Oracle pays $46 million to settle Sun Microsystems' False Claims Act liability

by Ben Vernia | January 31st, 2011

On January 31, the Department of Justice announced that Oracle America, Inc. – into which Sun Microsystems merged in 2010 – has agreed to pay $46 million to settle kickback allegations brought in a whistleblower lawsuit. According to DOJ’s press release:

Oracle America Inc. has agreed to pay the United States $46 million to settle claims that Sun Microsystems Inc., a corporation that merged with Oracle in 2010, submitted false claims and caused others to submit false claims to the General Services Administration (GSA) and other federal agencies, the Justice Department announced today.

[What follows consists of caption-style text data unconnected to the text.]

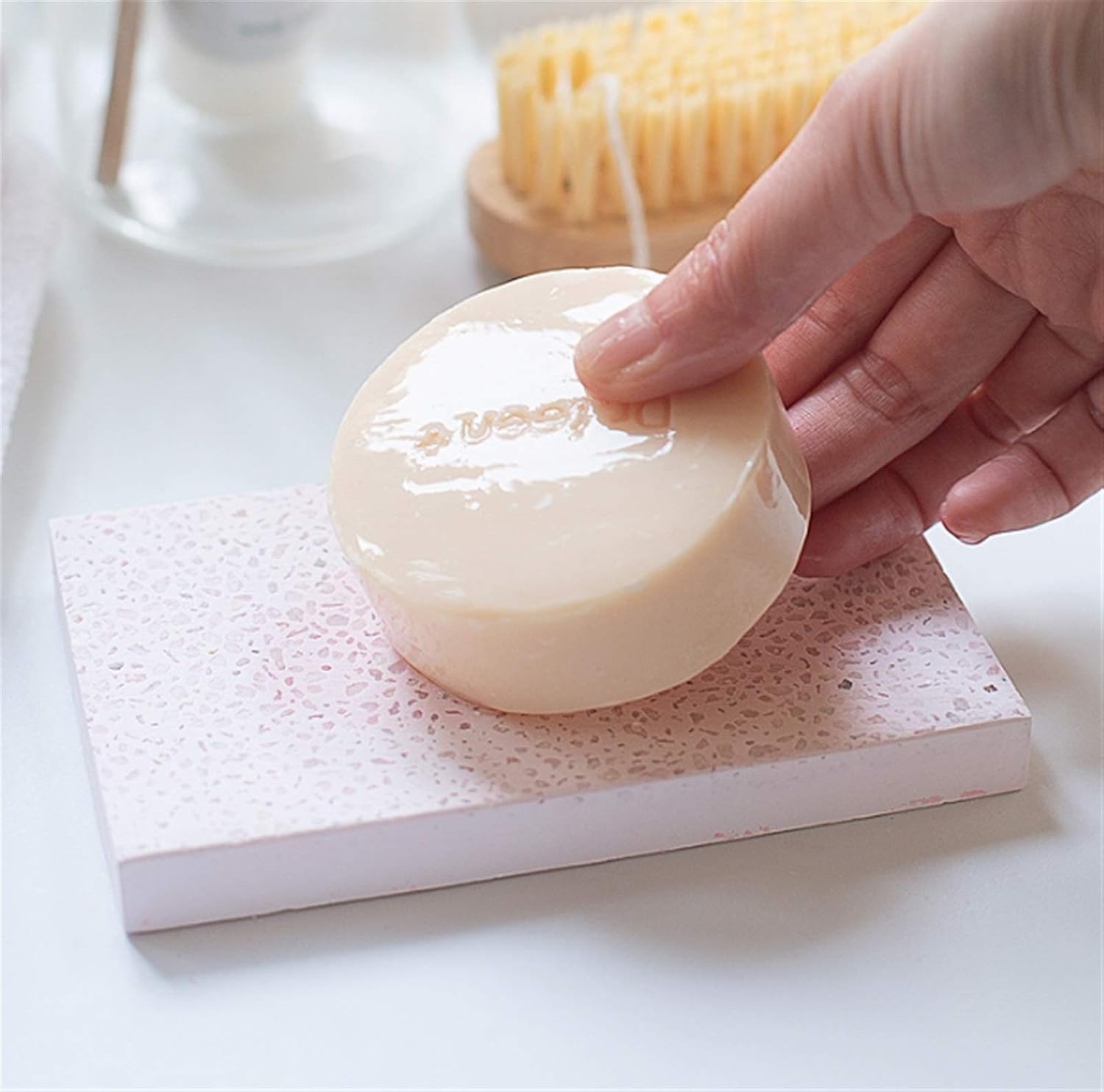 JUNMIN Diatomite Soap Dish - Green Square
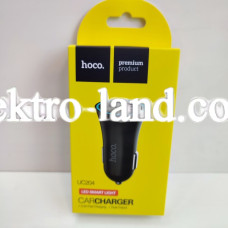 Автомобильное зарядное устройство Car Charger | 2.4A | 2U — Hoco UC204 — черный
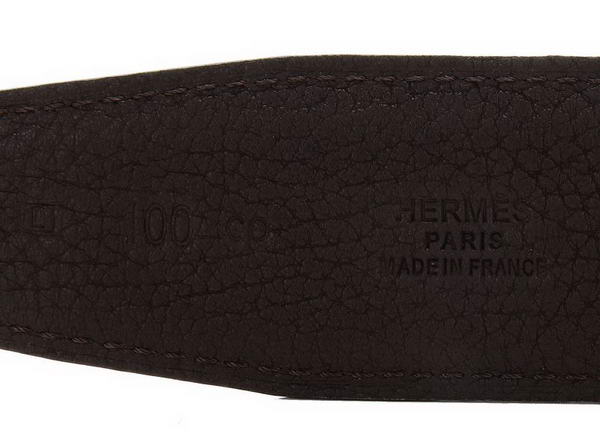 Hermes Belts Original Leather Diamond Everose Coffee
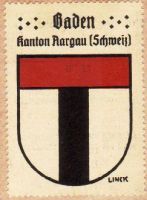 Wappen von Baden (Aargau)/Arms (crest) of Baden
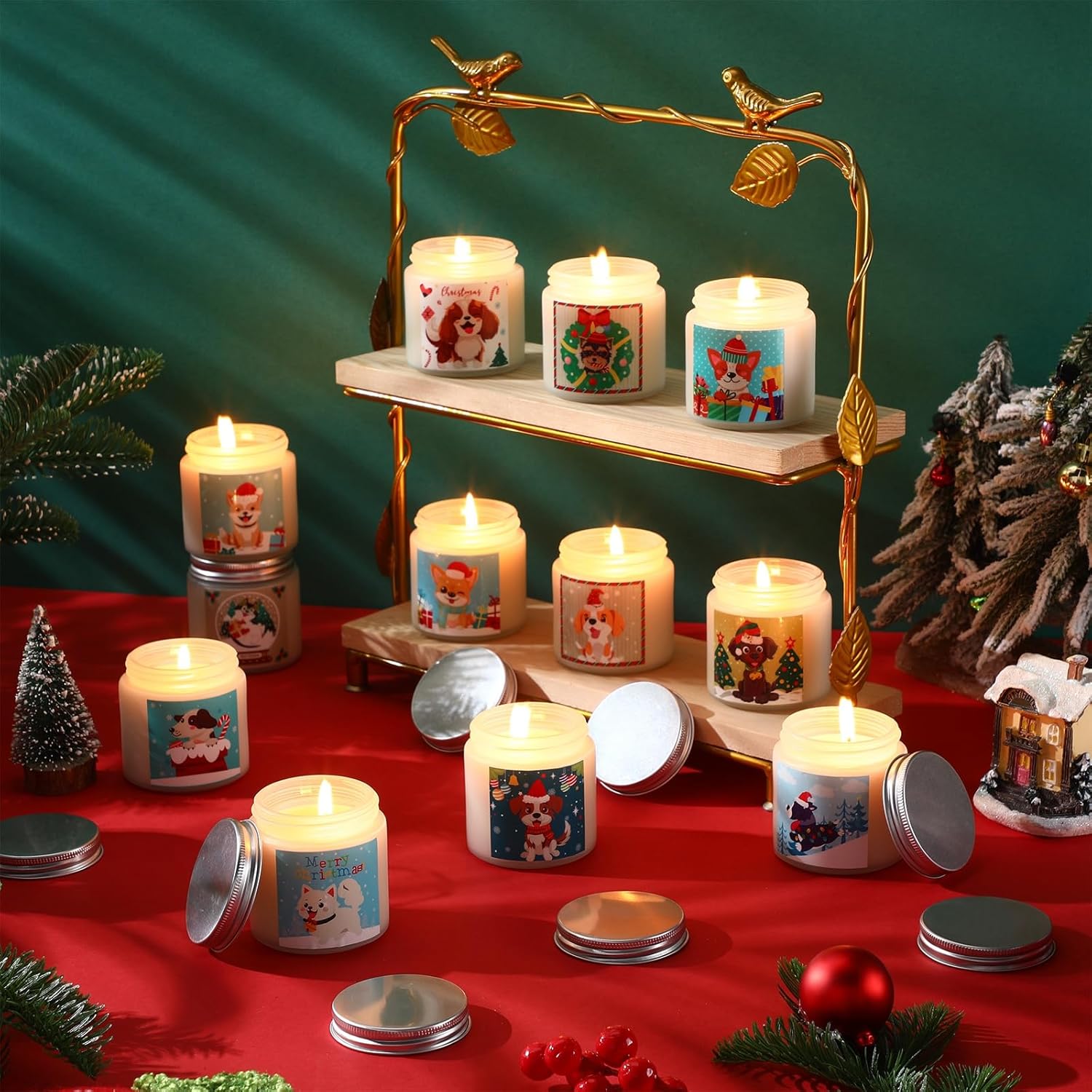 Nuanchu 12 Pcs Scented Jar Candles for Home andbgftpresents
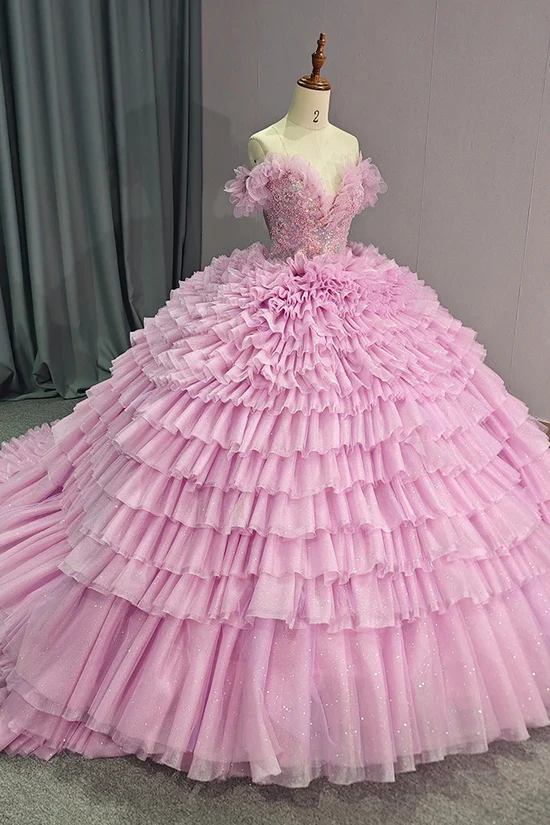 Pink Quinceanera Dresses Ball Gown Princess Sweet 15 16 Years Old Birthday Prom Party Gown Gidiondress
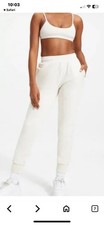 Good American Cream Color Sweat Pants Size 2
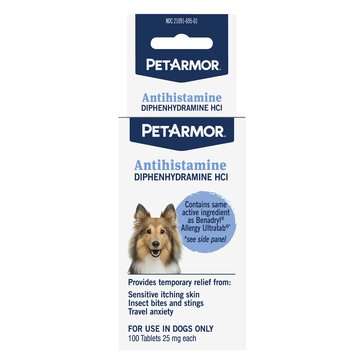 PetArmor Antihistamine Tablets For Dogs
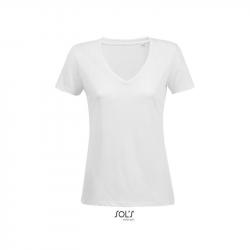 Damska koszulka V-neck SOL'S MOTION-White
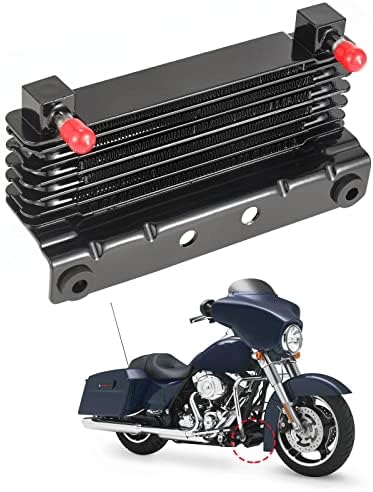 Komplet motocikala; Komplet hladnjaka ulja, hladnjak Radiator Fit za Harley Touring Road King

This settlement resolves allegations under the False Claims Act (FCA) and Anti-Kickback Act that Sun knowingly paid kickbacks to systems integrator companies in return for recommendations that federal agencies purchase Sun’s products. Sun executed agreements with consulting companies that provided for the payment of fees each time the companies influenced a government agency to purchase a Sun product. These kickback allegations are part of a larger, ongoing investigation of government technology vendors that has resulted in settlements to date with six other companies.

The settlement also resolves claims under the FCA that Sun’s 1997 and 1999 GSA Schedule contracts were defectively priced because Sun provided incomplete and inaccurate information to GSA contracting officers during contract negotiations, as well as claims that the incomplete and inaccurate information resulted in defective pricing of Sun’s contract with the U.S. Postal Service and GSA Schedule contracts held by two resellers of Sun products. At the time Sun entered into its contracts with GSA to sell information technology products and services to federal agencies, applicable regulations and contract provisions required Sun to fully and accurately disclose to GSA how it conducted business in the commercial marketplace so that GSA could use that information to negotiate a fair price for government customers using the GSA contracts to purchase Sun products and services. The defective pricing information that Sun disclosed to GSA was subsequently relied on by the Postal Service in negotiating a contract with Sun, as well as by GSA in negotiating contracts with two resellers of Sun products.

The government announced that two relators brought the case in a qui tam lawsuit, but it did not announce the amount of their share in the recovery. In addition to the relators’ kickback allegations, GSA investigated, and the government alleged in its complaint, that Sun engaged in defective pricing, i.e., providing false or fraudulent pricing data when bidding on a GSA contract.